L’indestructible neutralité de la Suisse n’aura donc tenu que 5 jours. Au grand dam de nos poutiniens locaux, qui préfèrent défendre les oies.
Pendant ce temps, la Suisse s’apprête à renoncer au foie gras. Le Conseil national vient en effet de soutenir massivement une motion émanant de l’UDC et appuyée par plusieurs associations de protection des animaux, proposant l’interdiction d’importer un tel produit.
Car oui, l’UDC aime les animaux. La motion évoque ainsi «des souffrances indescriptibles pour le plaisir discutable de certains». Même s’il faudra encore attendre la décision du Conseil des États, on peut considérer que le foie gras est mal parti. Malgré l’opposition du Conseil fédéral qui parie, et ce n’est pas tous les jours, sur le discernement et la liberté de ses sujets, estimant en effet qu’il serait préférable de «garantir une déclaration transparente afin que les consommateurs puissent se décider en connaissance de cause».
À propos de «souffrances indescriptibles pour le plaisir discutable de certains», on notera que cette Suisse bientôt sans foie gras sera aussi une Suisse sans caviar. Il n’aura fallu en effet que 5 jours pour faire exploser l’indestructible neutralité helvétique. Cinq jours pour s’aligner sur les sanctions de l’UE contre la Russie. Cinq jours pour s’aviser que, tiens, des avoirs russes en quantités phénoménales, provenant notamment des transactions de pétrole, reposaient dans nos coffres, et qu’il y avait peut-être là un moyen de pression.
Ce volte-face a surpris davantage à l’étranger, où il fut parlé de «fin historique de la neutralité», qu’en Suisse. Comme si cette neutralité n’était plus qu’une sorte de folklore, un cliché au même titre que le chocolat, le fromage et les banques, n’émouvant plus guère que les touristes. Comme si chacun sentait bien qu’en Suisse même, nous n’étions plus neutres depuis bien longtemps.
Difficile dans les circonstances actuelles de s’en offusquer. La brutalité et l’ampleur de l’invasion russe en Ukraine, assortie de guignolesques menaces d’apocalypse nucléaire, allaient de toute façon rendre une stricte neutralité plus qu’inconfortable. Situation parfaitement et poétiquement résumée par la présidente maltaise du Parlement européen Roberta Metsola: «Il est impossible d’être neutre quand on est entre le feu et les pompiers.»
En Suisse, cette poésie ne semble laisser insensible que les amis des oies. De la même manière que deux jours avant l’invasion russe un Éric Zemmour pouvait s’écrier «La Russie n’envahira pas l’Ukraine, j’en prends le pari», le conseiller national UDC Roger Köppel faisait la une du journal «Weltwoche» avec un mémorable et prémonitoire «Poutine l’incompris».
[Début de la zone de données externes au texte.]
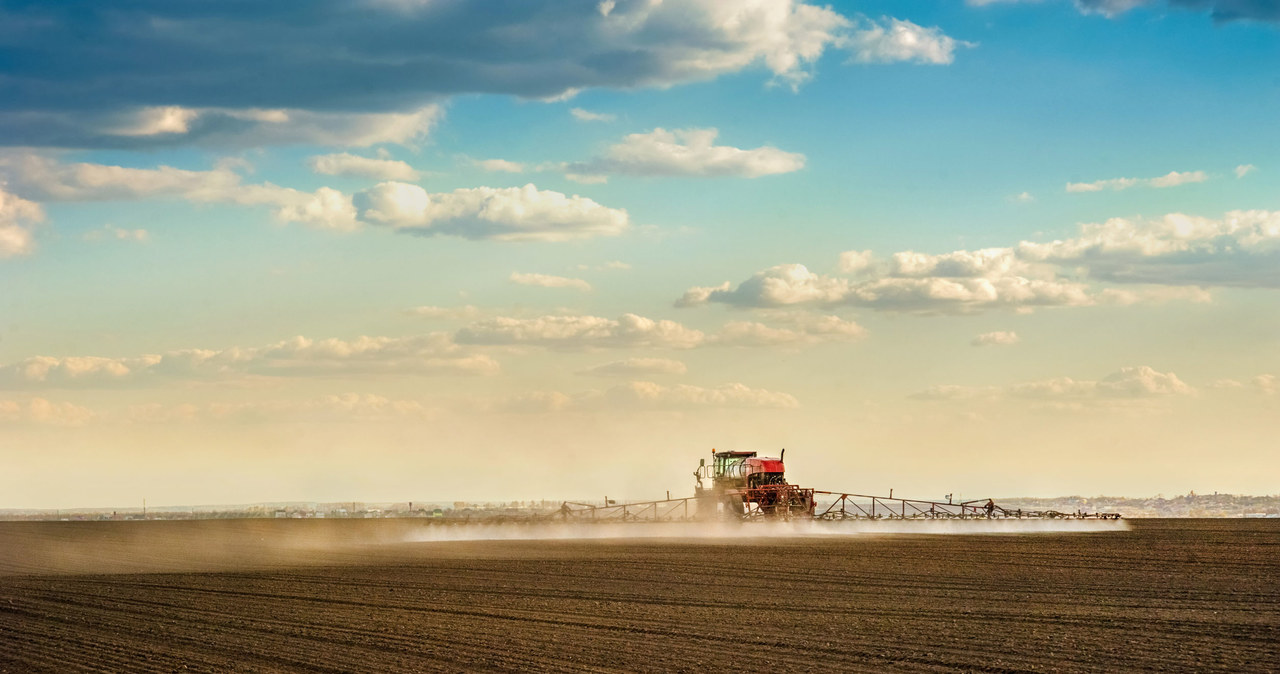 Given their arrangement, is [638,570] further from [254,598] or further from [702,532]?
[702,532]

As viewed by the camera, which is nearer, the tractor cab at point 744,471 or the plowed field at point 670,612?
the plowed field at point 670,612

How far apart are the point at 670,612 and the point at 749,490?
3991cm

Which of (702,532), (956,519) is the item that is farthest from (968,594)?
(956,519)

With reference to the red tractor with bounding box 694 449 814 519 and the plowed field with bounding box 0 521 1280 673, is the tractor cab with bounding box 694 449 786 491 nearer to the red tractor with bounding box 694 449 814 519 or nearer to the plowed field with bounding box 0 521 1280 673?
the red tractor with bounding box 694 449 814 519

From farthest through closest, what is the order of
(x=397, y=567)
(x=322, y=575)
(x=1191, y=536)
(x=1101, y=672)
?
1. (x=1191, y=536)
2. (x=397, y=567)
3. (x=322, y=575)
4. (x=1101, y=672)

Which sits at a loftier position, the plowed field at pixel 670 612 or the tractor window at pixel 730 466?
the tractor window at pixel 730 466

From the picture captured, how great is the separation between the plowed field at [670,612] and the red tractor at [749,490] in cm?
1871

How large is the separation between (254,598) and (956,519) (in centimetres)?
5207

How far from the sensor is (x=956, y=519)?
7381 centimetres

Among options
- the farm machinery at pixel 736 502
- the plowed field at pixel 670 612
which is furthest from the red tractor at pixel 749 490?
the plowed field at pixel 670 612

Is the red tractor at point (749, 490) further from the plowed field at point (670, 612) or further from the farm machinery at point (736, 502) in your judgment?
the plowed field at point (670, 612)

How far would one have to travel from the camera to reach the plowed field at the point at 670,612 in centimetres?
1934

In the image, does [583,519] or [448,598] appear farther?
[583,519]

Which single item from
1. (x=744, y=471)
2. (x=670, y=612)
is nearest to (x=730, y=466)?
(x=744, y=471)
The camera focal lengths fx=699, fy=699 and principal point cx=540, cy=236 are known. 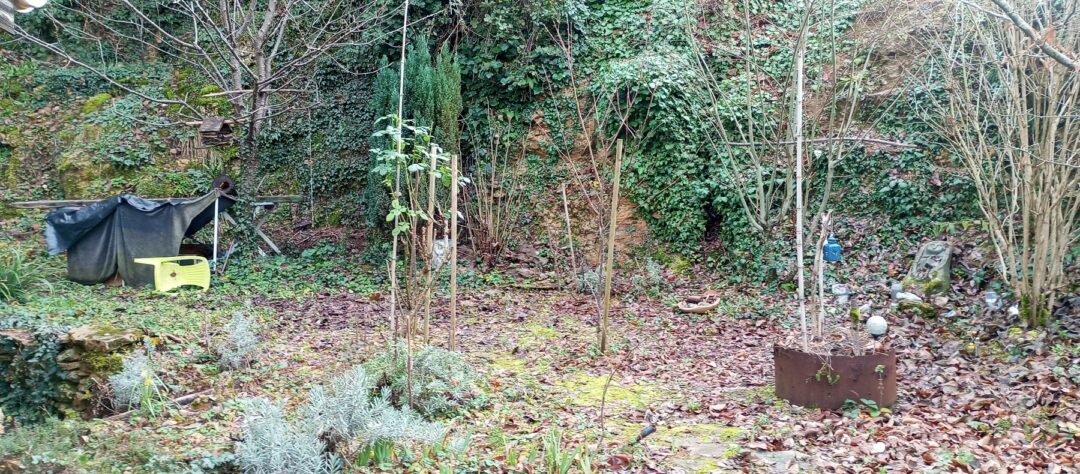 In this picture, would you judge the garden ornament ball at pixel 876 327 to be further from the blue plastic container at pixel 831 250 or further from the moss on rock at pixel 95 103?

Il faut dire que chez les amis des oies, on ne le comprend que trop cet homme-là, qui menace aujourd’hui la planète entière, mais a longtemps fait figure pour eux -sans doute par carence de jugeote et méconnaissance crasse-, de modèle indépassable. D’incarnation vivante d’une quadrature du cercle qui les fait saliver depuis toujours: la démocratie autoritaire.
Incapables de soutenir, à quelques exceptions près notamment en Suisse romande, la déclaration du Conseil fédéral sur l’Ukraine, les petits soldats de l’UDC se risquent à vouloir faire partager la responsabilité du conflit en Ukraine avec l’Otan. Et à rappeler l’invasion de l’Irak ou le bombardement de Belgrade. Pour des poutiniens de la première heure comme eux, le fait que contrairement à l’Irak de Saddam Hussein ou à la Serbie de Milošević, l’Ukraine de Zelensky soit une authentique démocratie, n’a évidemment aucune espèce d’importance. Ce serait même plutôt un fait aggravant.
Ah si seulement les Ukrainiens avaient plutôt choisi le délicieux modèle de la démocratie autoritaire.